Twenty-one-year-old Palestinian student Berlanty Azzam was seized by Israeli soldiers at a checkpoint in the West Bank last month. Bound and blindfolded, she was forcibly deported to the Gaza Strip. Berlanty was in her final semester at Bethlehem University in the West Bank, and was returning from a job interview in Ramallah.

The problem was that she had an ID card registered in Gaza, and the Israeli occupation, in the words of the human rights organisation, B'tselem, "almost completely forbids the movement of Palestinians between the West Bank and the Gaza Strip".

Bethlehem university has had "continuous problems" getting Gaza students the requisite permission from Israel, according to communications officer Stephanie Rhodes.

"We are a Palestinian university and these are Palestinian students. The West Bank and Gaza Strip are supposed to be treated as one territorial unit, but that's not what's happening."

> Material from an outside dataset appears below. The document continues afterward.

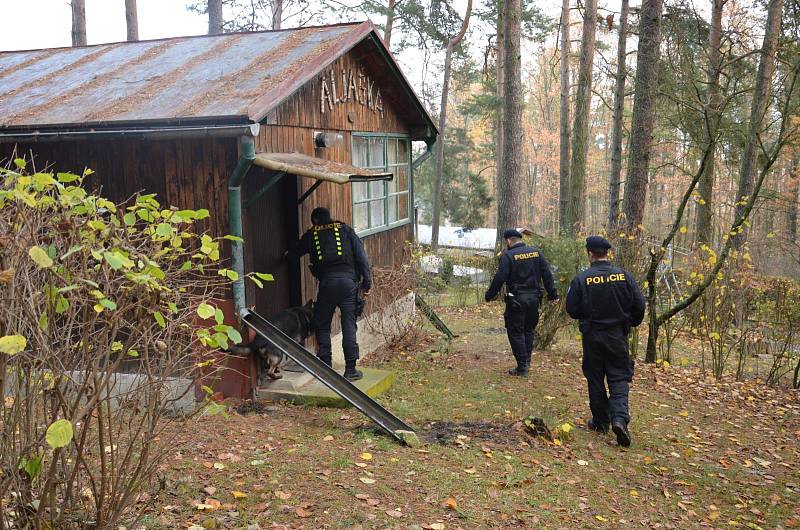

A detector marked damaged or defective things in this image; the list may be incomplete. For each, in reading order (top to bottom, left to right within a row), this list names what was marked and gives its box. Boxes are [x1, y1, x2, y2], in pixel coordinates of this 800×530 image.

rusted metal sheet [0, 22, 362, 130]
rusty metal roof [0, 21, 438, 136]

Rhodes was referring to how Israel's division of the Palestinian territories goes against its own recognition of the Gaza Strip and the West Bank as "a single territorial unit" in previous agreements. This was also affirmed by the Israeli supreme court in 2002 as part of a justification for the expulsion of Palestinians from the West Bank to Gaza. The court ruled that this did not violate international law because the two areas "should be regarded as one territory".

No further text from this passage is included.